- Task details
Print the whole listing below exactly as given, pictures excluded.

- Available data
··········

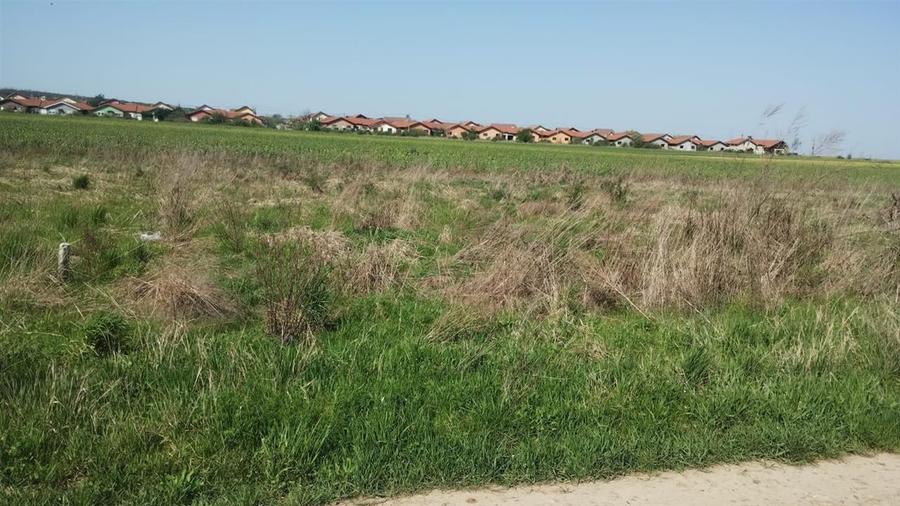 Teren Construcții intravilan de 500 mp, în Paleu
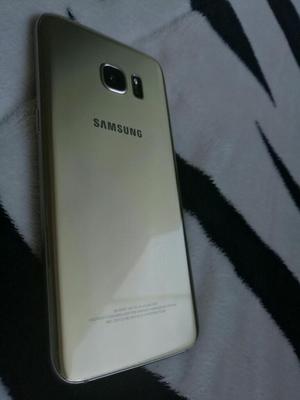 Samsung Galaxy S7 Edge Dorado Libre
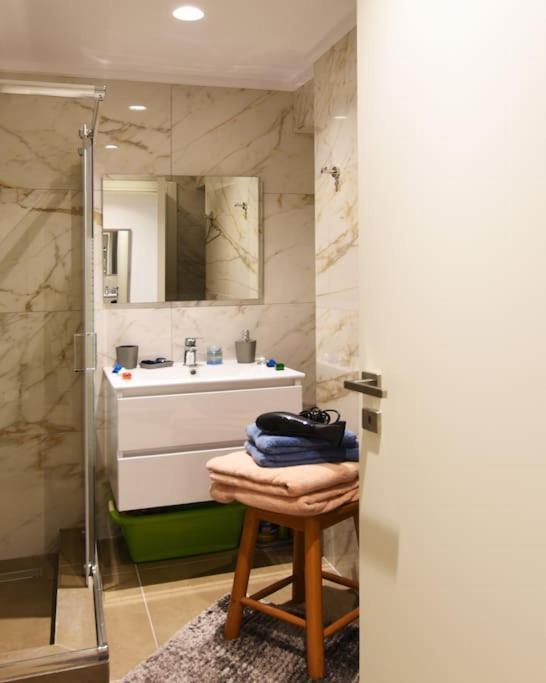 Uni Cozy City Apartment Rhodes City Luaran gambar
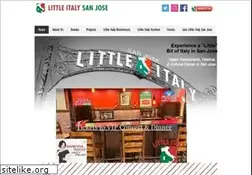 Sites similar to littleitalysj.com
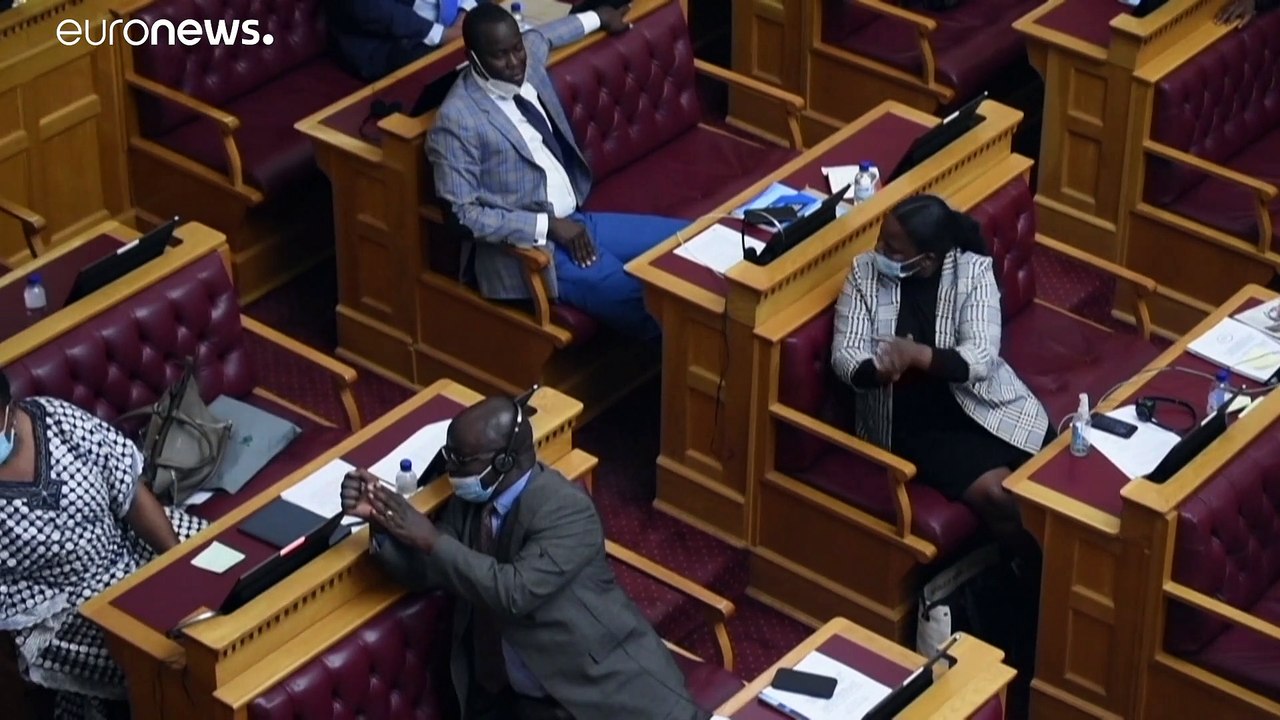 Namibia: Streit um Zuwendungen aus Deutschland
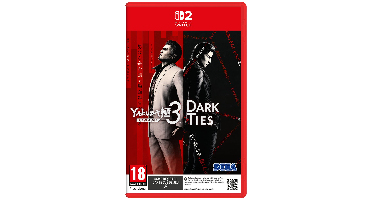 Koch Software Yakuza Kiwami 3 - Dark Ties Nintendo Switch 2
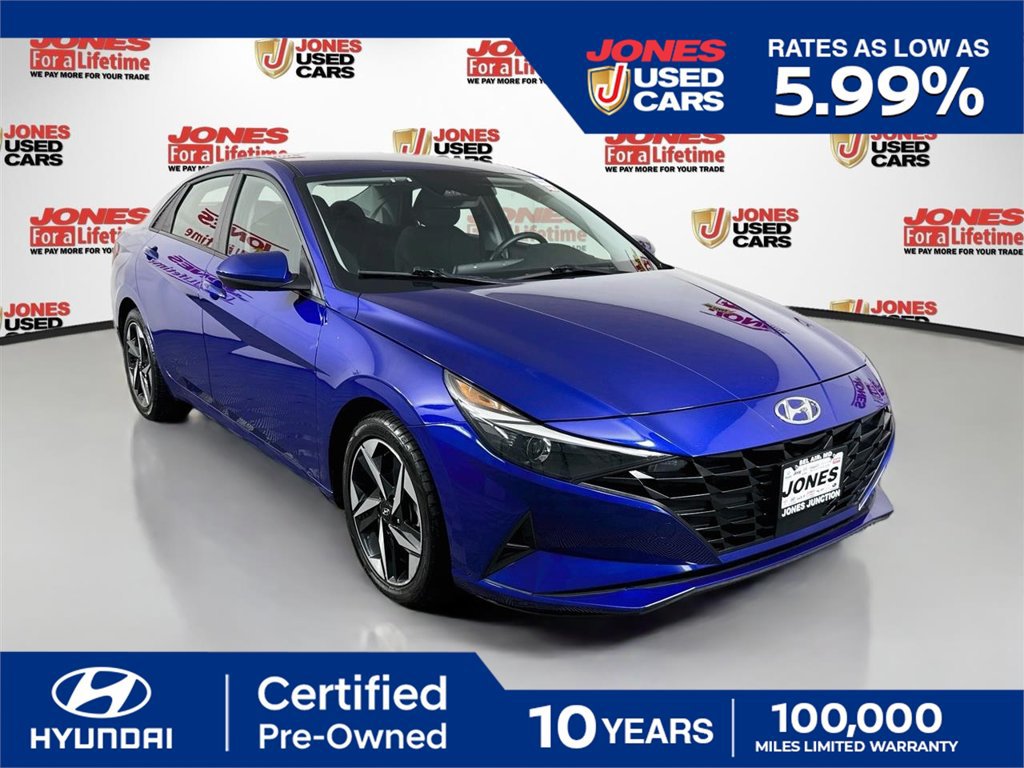 2023 Hyundai Elantra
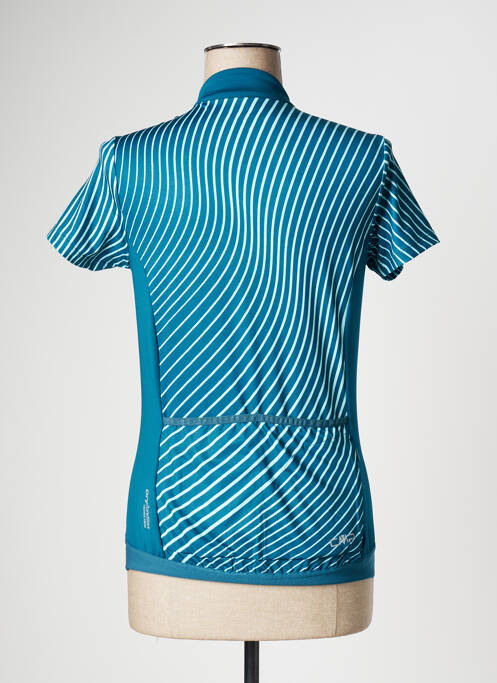 Tricou albastru CMP femeie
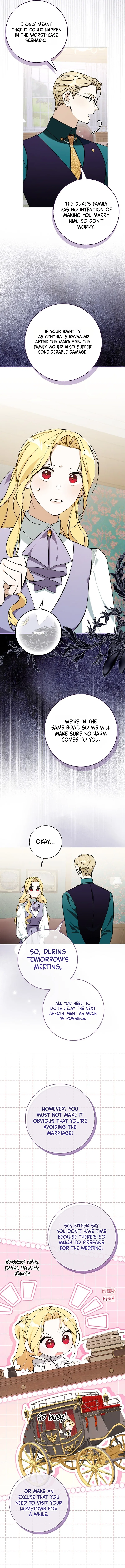 The Grand Duke Opened His Eyes in a Strange Place Chapter 8 – Page 2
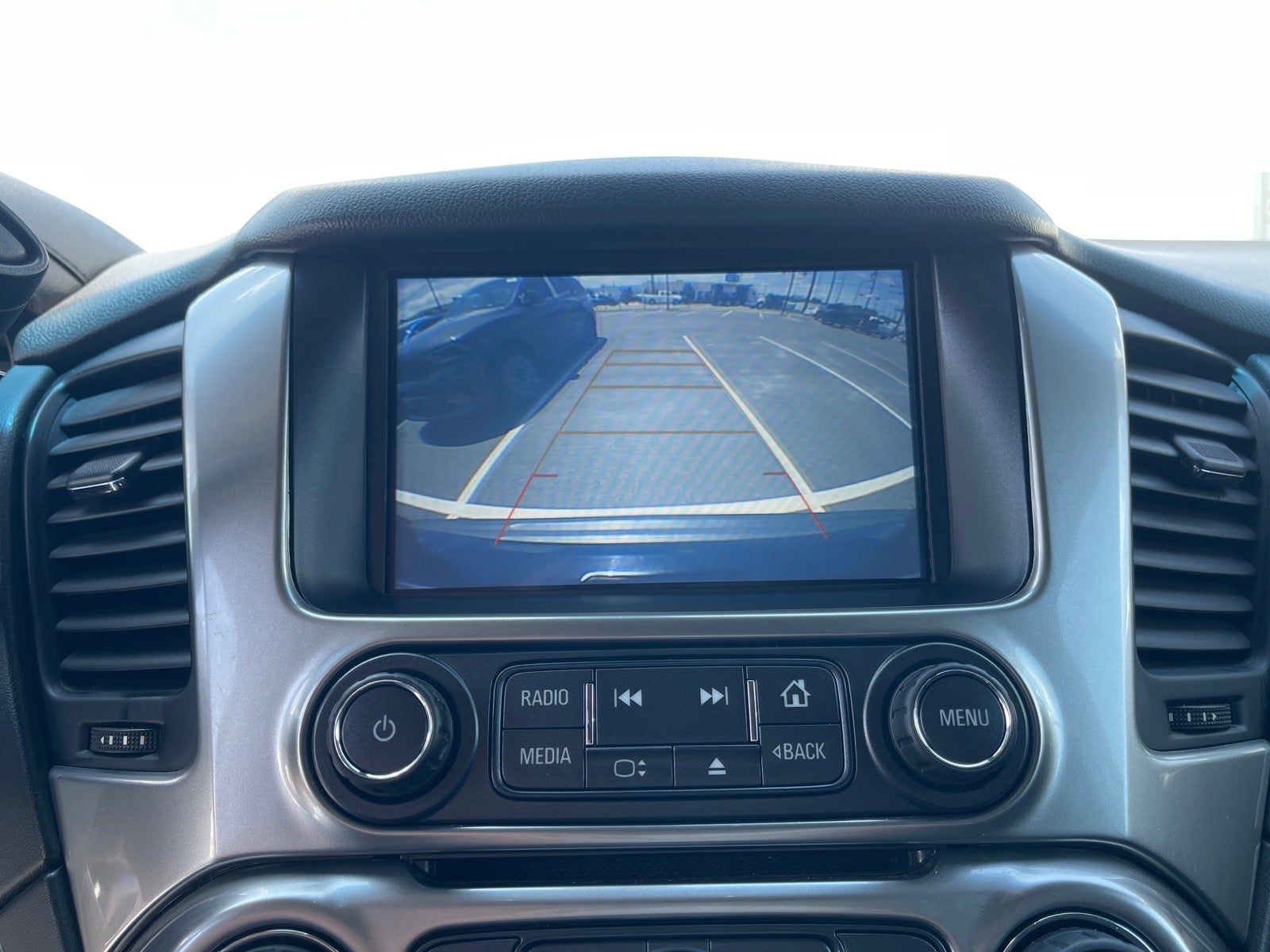 2019 Chevrolet Tahoe LS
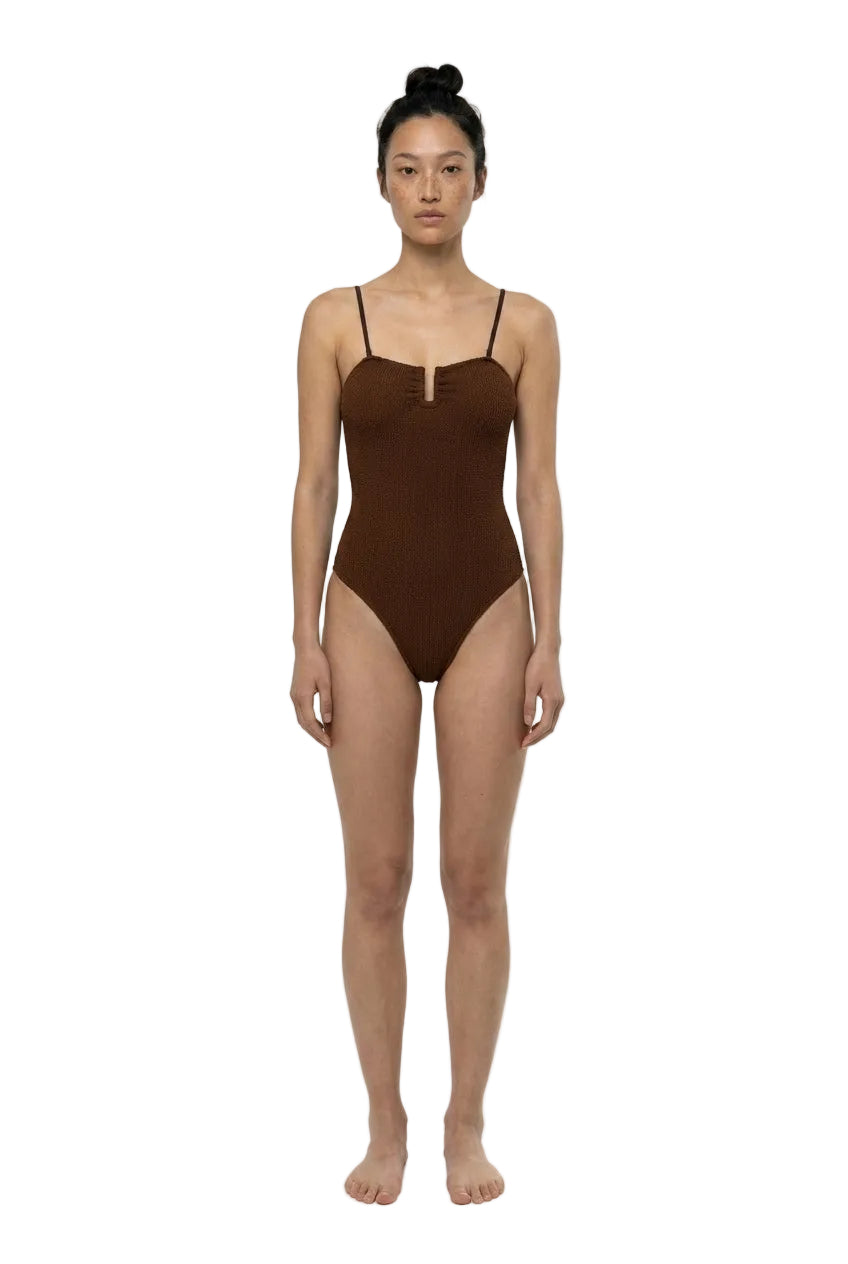 SWIMWEAR OP CALYPSO CHOCO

··········

- Result for this exercise
 Teren Construcții intravilan de 500 mp, în Paleu
 Samsung Galaxy S7 Edge Dorado Libre
 Uni Cozy City Apartment Rhodes City Luaran gambar
 Sites similar to littleitalysj.com
 Namibia: Streit um Zuwendungen aus Deutschland
 Koch Software Yakuza Kiwami 3 - Dark Ties Nintendo Switch 2
 2023 Hyundai Elantra
 Tricou albastru CMP femeie
 The Grand Duke Opened His Eyes in a Strange Place Chapter 8 – Page 2
 2019 Chevrolet Tahoe LS
 SWIMWEAR OP CALYPSO CHOCO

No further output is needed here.